Main Leighanne R, Song Yeunjoo E, Lynn Audrey, Laux Renee A, Miskimen Kristy L, Osterman Michael D, Cuccaro Michael L, Ogrocki Paula K, Lerner Alan J, Vance Jeffery M, Fuzzell M Denise, Fuzzell Sarada L, Hochstetler Sherri D, Dorfsman Daniel A, Caywood Laura J, Prough Michael B, Adams Larry D, Clouse Jason E, Herington Sharlene D, Scott William K, Pericak-Vance Margaret A, Haines Jonathan L
Departments of Genetics and Genome Sciences, Case Western Reserve University, Cleveland, Ohio, USA.
Department of Population and Quantitative Health Sciences, Case Western Reserve University School of Medicine, Cleveland, Ohio, USA.
Alzheimers Dement. 2025 Jan;21(1):e14356. doi: 10.1002/alz.14356. Epub 2024 Dec 23.
Recently, the O-6-methylguanine-DNA methyltransferase (MGMT) locus was proposed as influencing the risk of Alzheimer's disease (AD) in women who did not carry the apolipoprotein E ε4 allele. We examined an Amish founder population for any influence of genetic variation in and around the MGMT locus on the risk for dementia.
Genetic association was performed for single nucleotide polymorphisms (SNPs) surrounding the MGMT locus. A total of 946 individuals of Amish descent between the ages of 76 and 95 who were classified as cognitively impaired or cognitively unimpaired were included. Multiple statistical models were applied to test for replication.
The results for the previously associated individual SNPs were not significant. However, a different SNP (rs7909468) generated significant results under a model different from the previous report.
The MGMT locus may influence the risk of AD, although its genetic mechanisms remain unclear and warrant further study.
Association analyses around the O-6-methylguanine-DNA methyltransferase (MGMT) locus showed a study-significant single nucleotide polymorphism (SNP), rs7909468, in a female cognitively impaired group lacking the apolipoprotein E ε4 genotype. Functional implications of rs7909468 are relatively unexplored, but in silico analyses indicate it may regulate MGMT expression. rs7909468 was not in linkage disequilibrium with other SNPs found to be significant in this region and appears as a distinct novel association.
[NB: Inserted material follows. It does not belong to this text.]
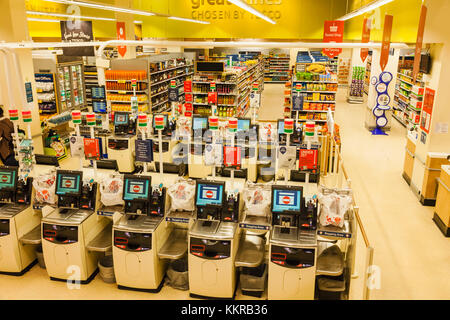England, London, leer Tesco Supermarkt Stockfoto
最近,有人提出O-6-甲基鸟嘌呤-DNA甲基转移酶(MGMT)基因座会影响未携带载脂蛋白Eε4等位基因的女性患阿尔茨海默病(AD)的风险。我们在一个阿米什人创始人群体中研究了MGMT基因座及其周围的基因变异对痴呆症风险的影响。
对MGMT基因座周围的单核苷酸多态性(SNP)进行基因关联分析。纳入了946名年龄在76至95岁之间的阿米什后裔个体,他们被分类为认知受损或认知未受损。应用多种统计模型进行重复检验。
先前相关的单个SNP的结果不显著。然而,一个不同的SNP(rs7909468)在一个与先前报告不同的模型下产生了显著结果。
MGMT基因座可能影响AD的风险,尽管其遗传机制仍不清楚,值得进一步研究。
围绕O-6-甲基鸟嘌呤-DNA甲基转移酶(MGMT)基因座的关联分析显示,在一个缺乏载脂蛋白Eε4基因型的女性认知受损组中,一个单核苷酸多态性(SNP)rs7909468具有研究显著性。rs7909468的功能意义相对未被探索,但计算机分析表明它可能调节MGMT的表达。rs7909468与该区域其他显著的SNP不存在连锁不平衡,似乎是一种独特的新型关联。